Cultural institute chief hopes to introduce Italy to Japan



Giorgio Amitrano, 55, the new director of the Italian Cultural Institute in Tokyo, is an eminent Italian scholar of Japanese literature who has translated a number of popular Japanese works, including Banana Yoshimoto’s “Kitchen.”

” ‘Kitchen’ became a best-selling book in Italy, selling around 300,000 copies,” said Amitrano, who inspired a boom in Yoshimoto’s works in his country with his translation in the early 1990s.

His other translations include Haruki Murakami’s best-sellers “Norwegian Wood” and “1Q84,” as well as Kenji Miyazawa’s “Night of the Milky Way Railway,” which won Japan’s Noma Award for the Translation of Japanese Literature in 2001.

“Since I believe I understand somewhat how Japanese people feel, I’m hoping that I can introduce Italian culture that can be easily accepted by them,” said Amitrano, who became the institute’s director in January.

Noting the institute has organized operas and other events related to classical Italian culture, he said, “I’d like to introduce a little more modern parts of our culture.”

Amitrano, who served as a judge for the Viareggio Prize — one of Italy’s most prestigious literary awards — for 11 years until 2011, is planning to hold a major event in October related to Antonio Tabucci, an Italian author who died last year but is considered a possible nominee for the Nobel Prize in literature.

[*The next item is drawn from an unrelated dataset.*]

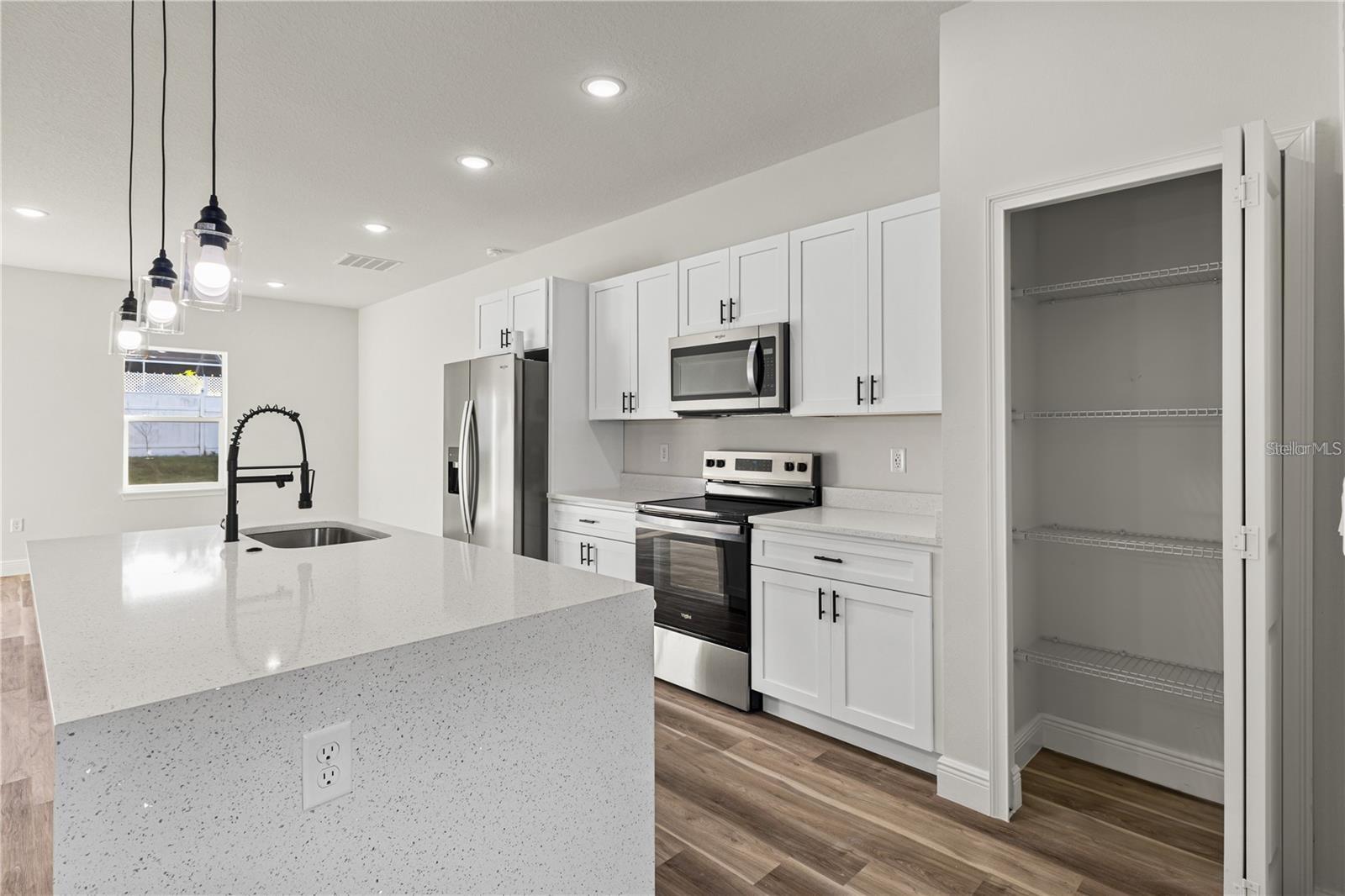 MARION OAKS UN 03 - Residential Lease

A former professor at Naples Eastern University, Amitrano is also known for his friendship with popular essayist and scholar of Italian literature Atsuko Suga (1929-1998).

“I wasn’t a proper student of hers, but I went to listen to her classes both in Italy and Japan,” he said, adding he was very excited when he found her name in a date slip of borrowers at the institute’s library.

What currently troubles Amitrano is that his new post has left him too busy to visit Tokyo’s Jimbocho area, his favorite district and a famed home to secondhand bookstores, despite it being within walking distance of the institute.

“I’ve been there just once to buy a complete collection of Yasunari Kawabata,” he said.

  • Nicola Feltrin

    I think you ment “Antonio Tabucchi” not “Tabucci”. Anyway I’m curious about the choice since he was an italian author whose best works are about Portougal ;) I hope japanese readers will enjoy it anyway!